The Other. Oh, you have. Well, I should say there was hope in that.
One. The ending of Carton, now, in the Tale of Two Cities; I think it is one of the most inspiring things in all literature. It seems as if one must be all right at last, regardless of what he had been, if he could close his career like that.
The Other. I fear I have forgotten it. Let me see,—he went to the guillotine in somebody’s place, did he not?
One. Yes; that of the happy lover of the girl who had refused him on account of his general good-for-nothingness. It was a sublime sacrifice.
The Other. Do you think the fortunate one would have been capable of such a thing ?
One. I am afraid not; happiness is too selfish, or rather, perhaps, it has too much to lose.
The Other. Does the feeling you speak of induce you to keep always on the lookout for the first chance at runaway teams, and so on?

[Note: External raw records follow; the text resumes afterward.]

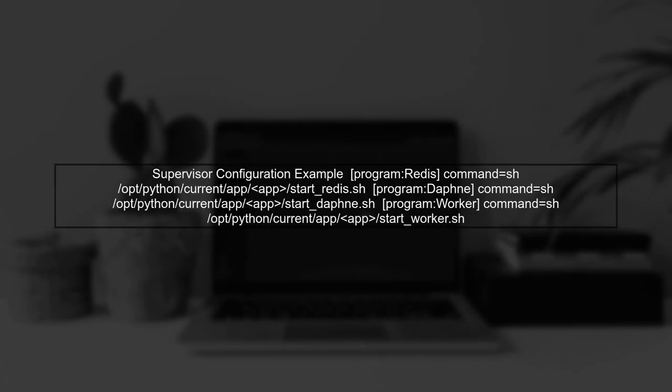Next, we need to set up Supervisor to manage our processes. This includes Redis, Daphne, and the worker processes. Here's how the Supervisor configuration looks.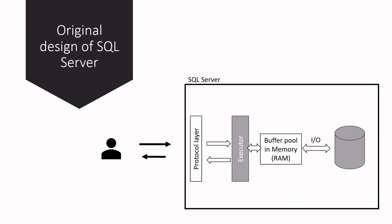So why not keep all the data in memory cache? Why should data reside on disk? Why should there be I/O operations? The main reason is: way back when SQL Server and other major databases were originally designed, memory was very expensive and you couldn't find big-size memory. At the time, it was impossible to keep all the data in memory.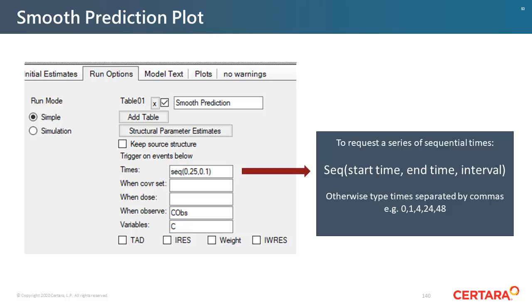In summary, to get a smooth prediction line, a table needs to be requested in the Run options. The sequence statement is helpful to get many predictions at times that are very close together.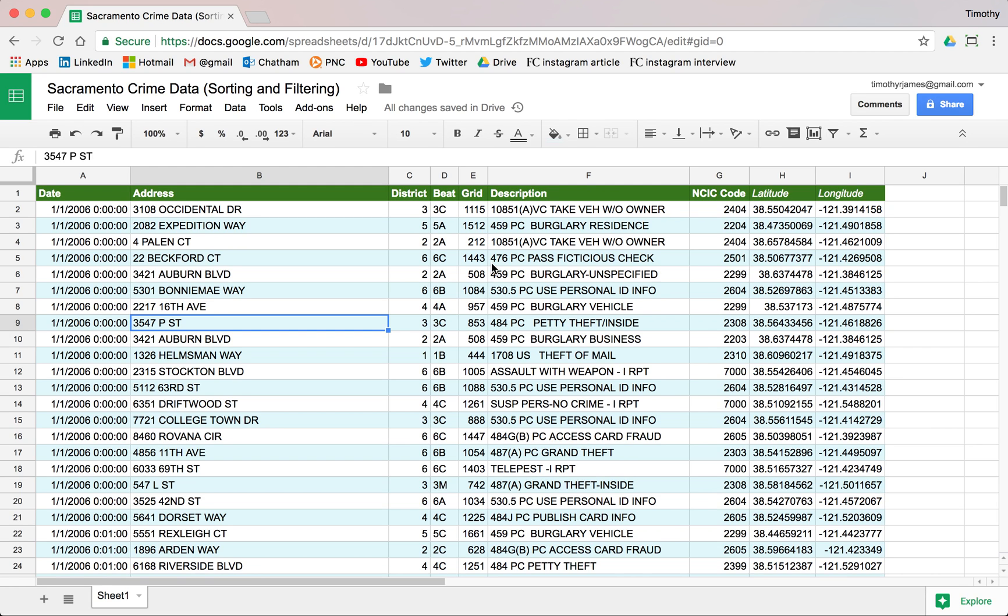In our last video we looked at sorting and filtering in Google Sheets, but we ran across a problem. It might not have been obvious right up front, but as we share our spreadsheets, filters actually affect what everyone sees.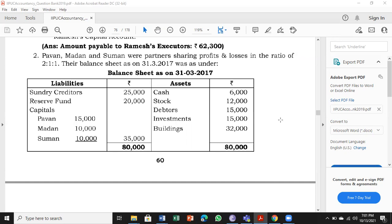Page number 60, problem number 2. We will start with: Pavan, Madhan, Suman were partners sharing profits and losses in the ratio of 2:1:1. Their balance sheet on 31-3-2017 was as under.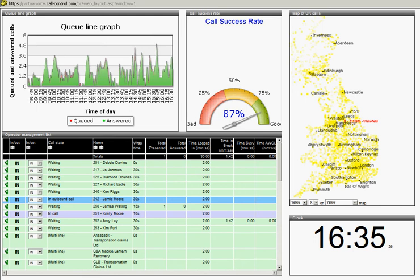This is one very high-level example screen. Across the top we have a queue line graph which is showing the average amount of calls coming into the business at any one time in 15 minute intervals.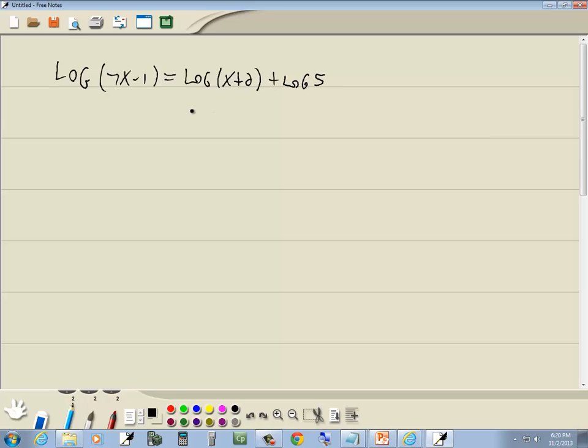Now notice everything has a log on it. This is where we use our shortcut. We want to use properties of logs to get a single log on both sides.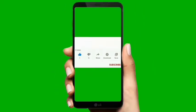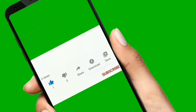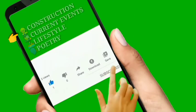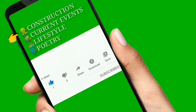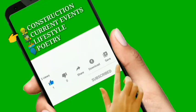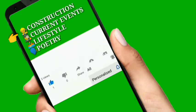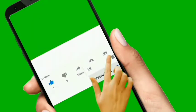Kung first time nyo sa channel na ito, maaari nyo pong isubscribe at i-click ang notification bell para updated po kayo sa mga susunod na upload ko.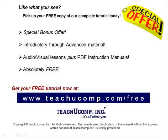Like what you see? Pick up your free copy of the complete tutorial at www.teachucomp.com forward slash free.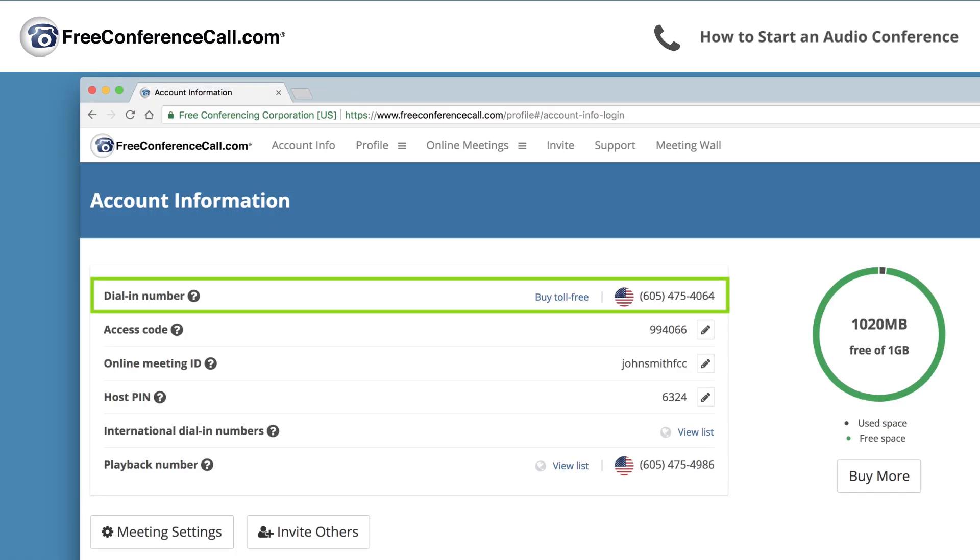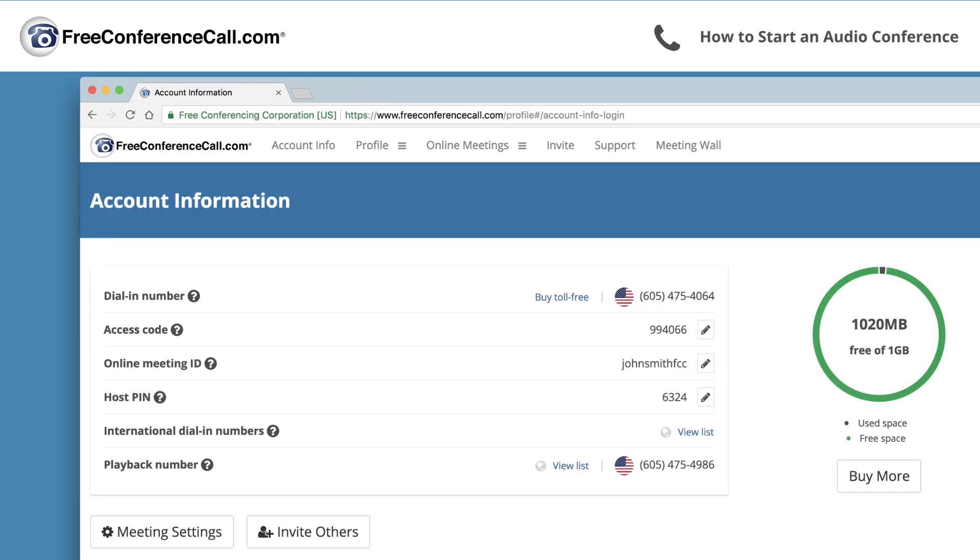Locate your conference dial-in number, access code, and host PIN.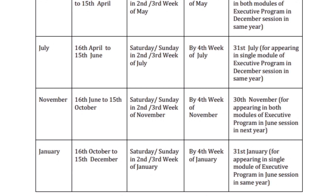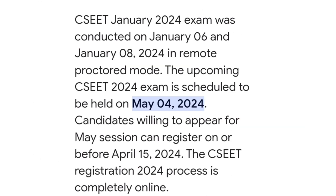Now let's take a look at the May session exam dates. The exam registration started on 16th December and the last date was before 15th April 2024. The admit card will be released 10 days prior to the examination, and the main session exam was conducted during the second week of the month.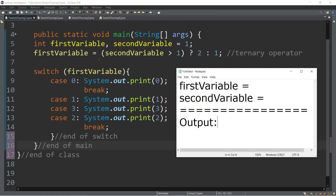We will start from line number five. We have a variable declaration: int first variable, and then second variable is equal to one. So you have to initialize the second variable to one. And then the second statement in line number six: we have an assignment statement of a ternary operator, so we have a condition here.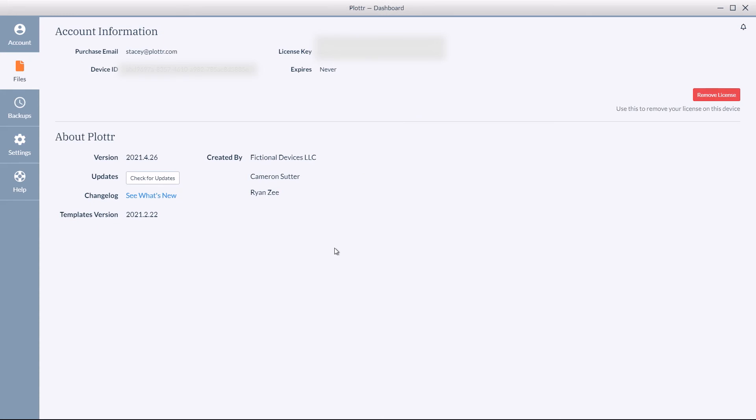Well that covers how to input your license key into Plotter. Congratulations, you can start using the software now and we'll walk you through that in our next series of videos.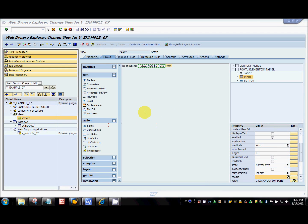Hi guys! Welcome to the sixth part of the tutorial series on WebDynpro for ABAP. In this tutorial we're going to talk about dynamic UI programming in WebDynpro for ABAP — how do we generate user interface dynamically?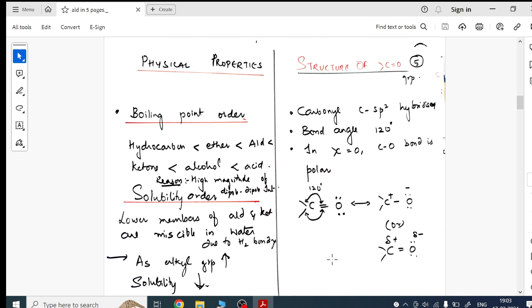Preparations of aldehydes are over, preparations of ketones are over, preparations of aldehydes and ketones together are over. Now for physical properties: only two things are asked — boiling point and solubility. I've given the order and the reasons. For solubility, as alkyl group increases, solubility decreases due to steric hindrance. On the right side I've given the structure of the carbonyl group — sp² hybridization and bond angle.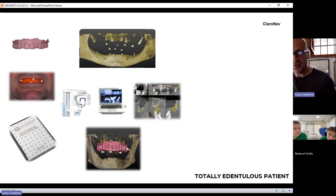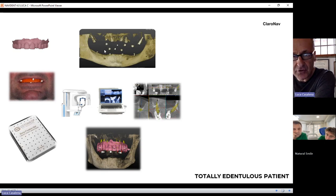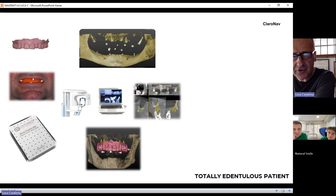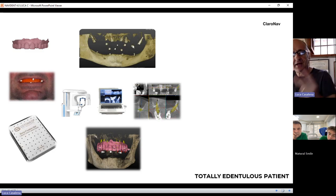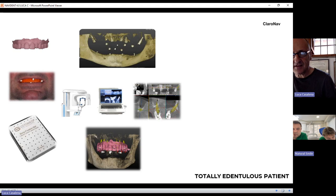You register the STL file by using the dots: pick one dot on the STL, then click the corresponding dot on the DICOM; a second dot on the STL, a second on the DICOM; a third on the STL, a third on the DICOM. Three dots are the minimum, though you can use more. After three dots, you register the STL file onto the DICOM files.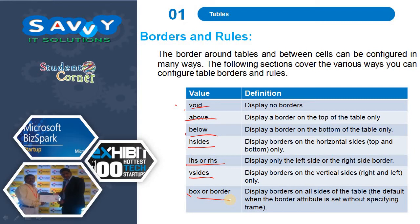Box or border is the default when the border attribute is set without specifying the frame.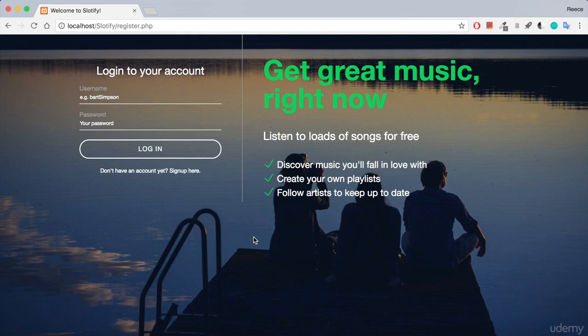Hi guys, my name is Rhys Kenny and I'd like to show you how to create your own music streaming service just like Spotify.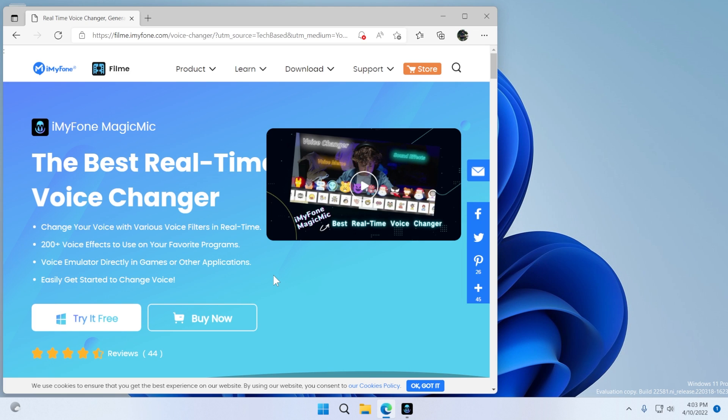We're going to talk about the iMyPhone Magic Mic program in particular, which is a program that you can try for free and it will allow you to try multiple voices in order for you to change your voice while talking into an application like Discord or Skype or Microsoft Teams.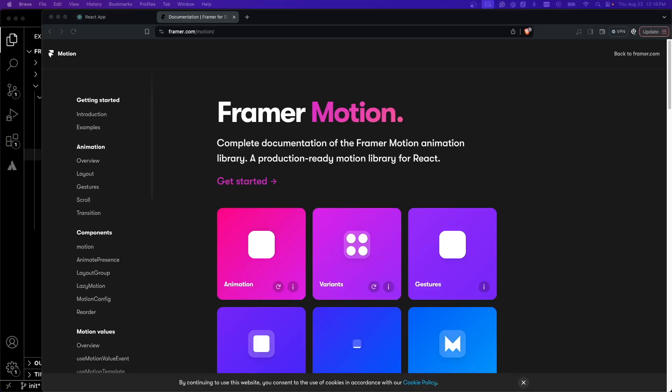Okay, so Framer Motion is a very popular animation library for React. It's used in a ton of stuff.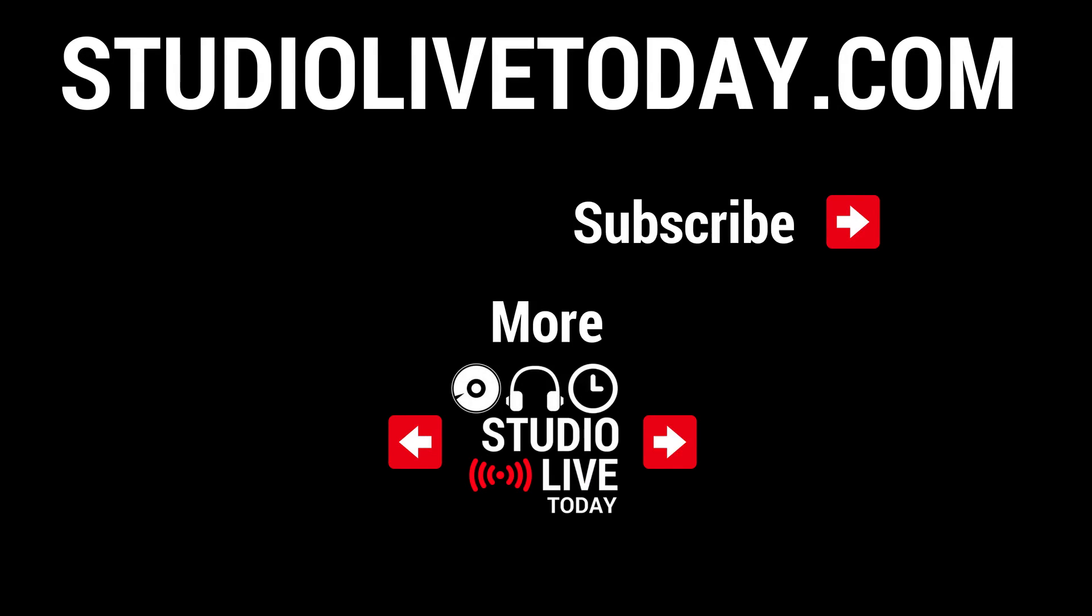Hey, thanks for sticking around. If you'd like to check out more of the videos that I've referenced in this video, they are linked down below. You can also subscribe to the channel by clicking on the Studio Live Today link in the top right corner or head on over to studiolivetoday.com for even more audio goodness.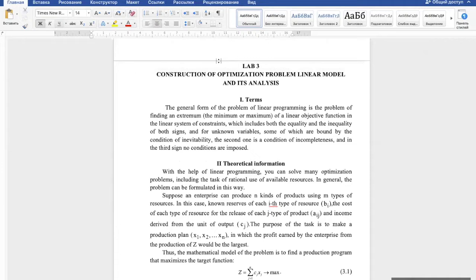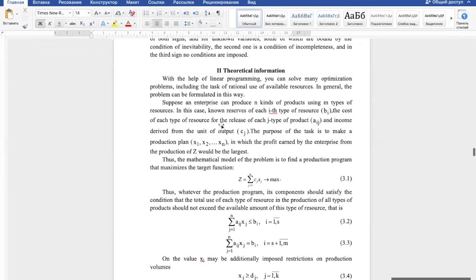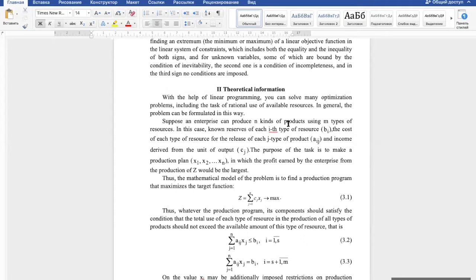This is laboratory work number three, part two. Today we need to solve a classical linear programming problem which is based on finding the best production plan. We have some company which can produce different kinds of products by using different kinds of resources, and we want to find such a production plan which will maximize our profit.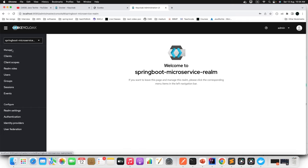Here we need to enable client authentication. The authentication flow we need is 'Service Account Roles' — disable the others. Click 'Next.' We don't need authorization at this moment, so disable it. Click 'Next.' The root URL of our application is http://localhost:8080 — the API Gateway runs on the default port 8080. Set the home URL the same and click 'Save.'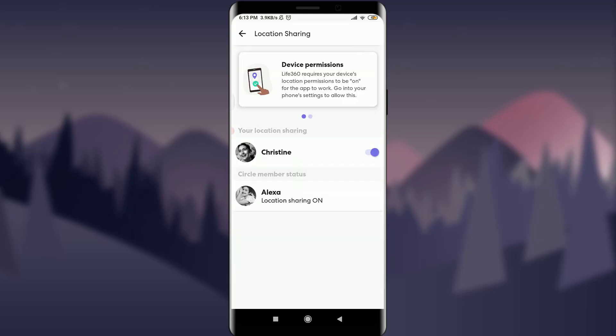Christine — that's my name — and just on the right of it, there is a sliding icon which is purple in color. Tap on it. Just by doing it, the color has been changed from purple to gray, which means my location sharing has been paused.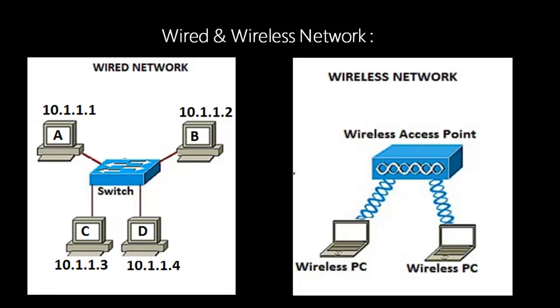The IP address will be unique just like we have different names. So with the help of these IP addresses we can access machine A from machine D. Let's say if we have some data which is in machine A and we need that data in machine D. So this data can be shared with the help of this IP address.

One. Well, no; not to any extent. My practice is to see if there is not somebody else more anxious to take the job than myself. Up to this time I have always found that there was. I give enthusiastic volunteers the widest facilities. The feeling I speak of is undoubtedly a fag end of mawkish sentimentalism nourished by too much romance reading.
The Other. Now I shall stand up for the romancers. I think this is one of the noblest uses of literature, that in presenting ideals which cause a thrill of admiration as we idly turn the pages, it creates the possibility that, in some sudden access of enthusiasm, we may decide that there are things better than a whole skin after all, and try to be like the heroes.
One. If that is the case, may I trouble you to pass me a fresh cigar from that box under your elbow ? These are Morro Castle’s latest. They are better than the dark ones you took of him.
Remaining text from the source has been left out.